– Na poprawę wyników Eurocashu przyjdzie jeszcze poczekać. Negatywnie oddziałuje tu deflacja cen żywności i duża konkurencja na rynku – mówi. W I kwartale ceny żywności i napojów bezalkoholowych spadły o 3,7 proc. Jednak eksperci podkreślają, że presja ze strony deflacji się zmniejsza. Liczą też na pozytywny efekt konsolidacji wyników przejętej przez Eurocash firmy Rogala. Już w I kwartale 2015 r. grupie udało się mocno zwiększyć przychody i była to zasługa przede wszystkim zrealizowanych w 2014 r. przejęć. Dołożyły one aż 700 mln zł dodatkowej sprzedaży.

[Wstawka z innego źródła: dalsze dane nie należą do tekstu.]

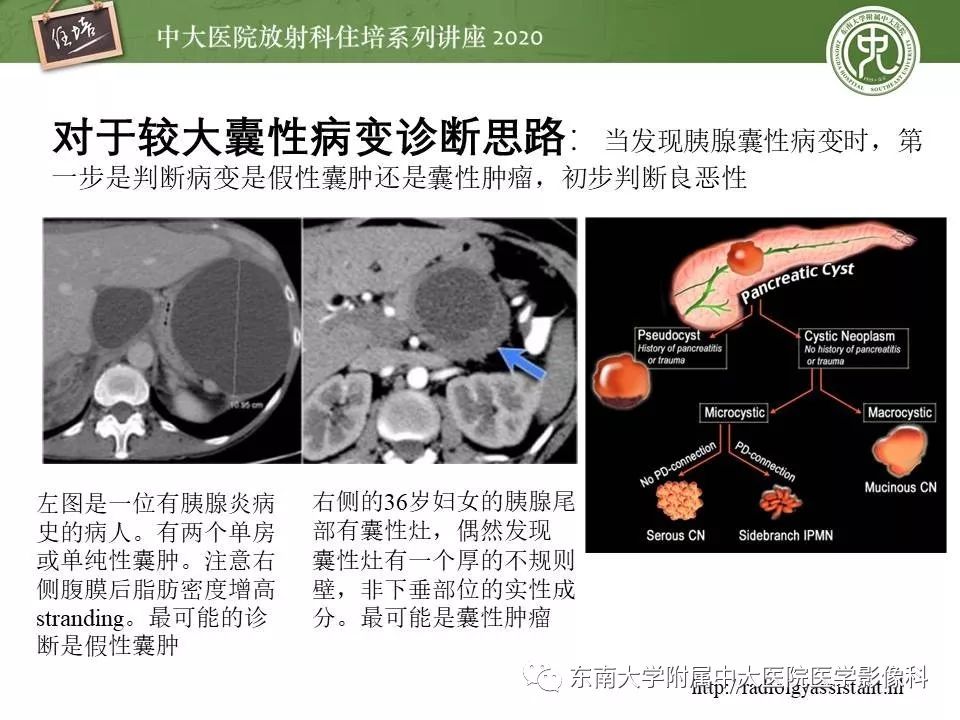 【PPT】胰腺良恶性病变的影像分析思路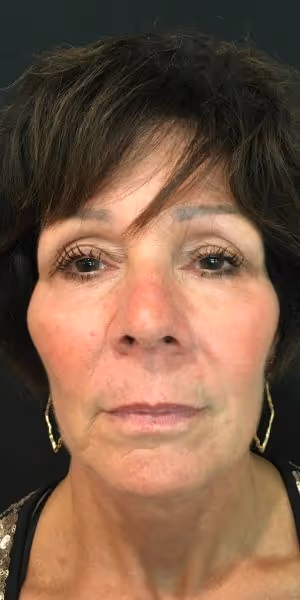 A woman’s face before lip filler and dermal filler treatments.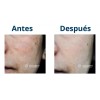 Accuderm Suero Despigmentante Regulador 30ml Unifica El Tono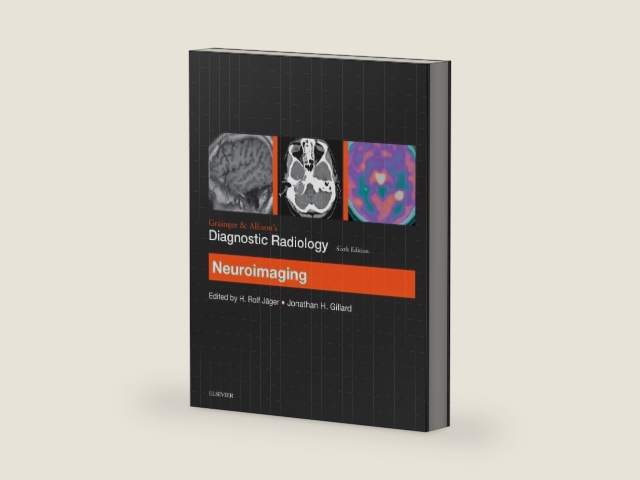 Grainger & Allison’s Diagnostic Radiology: Neuroimaging by H. Rolf Jager FRCR MD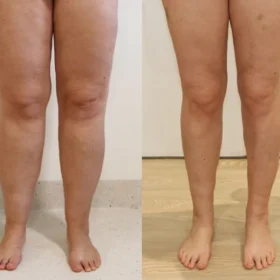 Ceoerty™ LymphaCare Bee Venom Soaking Beads - Image 9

– Wyniki za drugie półrocze będą też wsparte konsolidacją Kolportera oraz Inmedio. Z drugiej strony spodziewam się, że Eurocash będzie nadal ponosił koszty nowych projektów, na których w I kwartale zanotował 6 mln zł straty operacyjnej – mówi Małgorzata Kloka, analityk Pekao Investment Banking. Jej zdaniem w tym roku Eurocash skoncentruje się na integracji spółek kupionych w 2014 r. oraz na nowych projektach organicznych. – Nie wykluczałabym jednak małych transakcji – dodaje ekspertka. Również Piotr Bogusz, analityk DM mBanku, uważa, że Eurocash powinien pozostać aktywnym graczem na rynku przejęć, co może zaowocować kolejnymi transakcjami w 2015 r. – Mimo dużego udziału w rynku spółka nadal jest w stanie zidentyfikować segmenty, gdzie możliwa będzie dalsza konsolidacja – mówi.
Słabym punktem Eurocashu od dłuższego czasu są przepływy operacyjne. Jednak w wynikach za I kwartał daje się wreszcie zauważyć znaczącą poprawę. Z kolei przychody grupy wzrosły do ponad 4,6 mld zł z 3,7 mld zł i były wyższe od prognoz analityków. Natomiast wyniki okazały się gorsze od oczekiwań. Na poziomie netto grupa zanotowała 3 mln zł straty wobec 1,3 mln zł zysku w I kwartale 2014 r. Zarząd uspokaja, że lwią część całorocznego zysku grupa tradycyjnie wypracowuje w kolejnych kwartałach i że w 2015 r. też tak będzie. W środę akcje Eurocashu taniały o ponad 2 proc., do 36,26 zł.